Desde muito cedo, assim como qualquer outro menino negro, tive que aprender a entender o racismo em nossa sociedade. No meu caso em especial, sou filho de mãe branca, descendente de alemães e pai negro. Minha mãe contava com muita angústia que o pai dela, meu avô, se negou a me conhecer e de fato, nunca fomos "apresentados". Agradeço aos meus pais que sempre me deixaram ciente e preparado para os diversos desafios que a vida me apresentaria. Não esconder ou fingir que a discriminação não existe foi o que me proporcionou enfrentar todos os desafios de frente.
O meu relato pessoal do início da década de 90 me faz compreender que hoje, em 2020, estamos vivenciando uma revolução que não é "apenas" pela morte de Floyd, apesar de sua morte gravada e exposta nas redes sociais tenha sido o estopim para um "grito de socorro" contido há séculos de exclusão. No Brasil, que não é diferente, também passou por um processo de negação da história, negação de direitos básicos como educação, saúde e trabalho digno que desencadeou em uma das maiores desigualdades do planeta. Aqui, falo com propriedade pois morei e estudei nos Estados Unidos, costumo dizer que aqui é mais difícil ainda de combater, pois negamos veementemente que nosso país é racista. Inclusive, uma recente pesquisa sobre o tema fez as seguintes perguntas:
- Você acha que no Brasil existe racismo? 90% dos entrevistados responderam que sim.
- Você se considera racista? Menos de 2% se considera racista.

Nesse sentido fica claro que o racismo no Brasil é velado, hipócrita e traiçoeiro porque ele te faz acreditar que não existe, que é coisa da "sua cabeça" que é "mimimi" o que torna seu combate muito mais difícil. Esse racismo é o que a academia chama de racismo estrutural e um dos colaterais do racismo estrutural é fazer com que a vítima se sinta culpada. Em termos práticos, é aquele emprego ou promoção que você não ganha, mesmo tendo consciência de que é o mais preparado, é exclusão dos negros dos espaços de poder, é aquela piada que todos riem, é aquele que diz que tem até amigos negros, que a empregada é negra ou que já até namorou negro/a, tudo isso acontecia também no regime escravocrata e nem por isso tornou a escravidão menos cruel.
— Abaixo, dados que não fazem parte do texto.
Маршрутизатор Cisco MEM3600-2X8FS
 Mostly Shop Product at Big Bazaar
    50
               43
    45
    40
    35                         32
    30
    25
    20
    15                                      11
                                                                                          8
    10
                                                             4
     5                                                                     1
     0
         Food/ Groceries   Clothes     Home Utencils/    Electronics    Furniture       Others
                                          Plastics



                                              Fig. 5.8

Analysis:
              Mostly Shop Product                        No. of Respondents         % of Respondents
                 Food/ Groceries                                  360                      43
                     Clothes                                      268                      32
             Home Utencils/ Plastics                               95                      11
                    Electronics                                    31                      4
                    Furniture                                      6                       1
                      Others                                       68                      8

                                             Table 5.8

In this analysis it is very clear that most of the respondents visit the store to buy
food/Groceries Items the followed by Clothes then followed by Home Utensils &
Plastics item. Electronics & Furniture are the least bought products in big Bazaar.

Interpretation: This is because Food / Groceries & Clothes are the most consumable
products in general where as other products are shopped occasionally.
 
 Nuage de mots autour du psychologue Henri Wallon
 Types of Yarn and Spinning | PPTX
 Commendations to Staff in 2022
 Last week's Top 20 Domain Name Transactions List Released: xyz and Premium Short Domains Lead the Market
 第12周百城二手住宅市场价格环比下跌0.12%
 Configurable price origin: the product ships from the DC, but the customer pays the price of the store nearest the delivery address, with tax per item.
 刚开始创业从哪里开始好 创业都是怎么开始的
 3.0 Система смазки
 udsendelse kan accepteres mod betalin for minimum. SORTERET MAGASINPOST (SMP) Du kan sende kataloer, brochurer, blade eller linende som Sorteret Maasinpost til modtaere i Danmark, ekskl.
As manifestações que tomaram as ruas de grandes capitais mm indo agora, além das redes sociais busca uma aceitação por parte das autoridades de que temos um problema a ser combatido e principalmente políticas de enfrentamento a questão racial. Afinal, ninguém cura um câncer for fingindo que ele não existe e o racismo é o câncer social não atacado em nossa sociedade.
Da experiência pessoal à coletiva, da Americana, Londrina, Francesa à Brasileira, o que se vê é um movimento multiracial. Pela primeira vez se vê uma mobilização que se torna maior que ela mesma. Estamos vendo a história acontecer, pode ser o início do fim de uma era de desigualdade social que todos serão beneficiados. Não deixe que o racismo estrutural enraizado no imaginário Brasileiro e a indiferença ao sofrimento negro de gerações te autorize a pedir que um negro pare de lutar com seus iguais por dignidade.
Sejamos “todos” amor contra o ódio que nos trouxe até esse momento.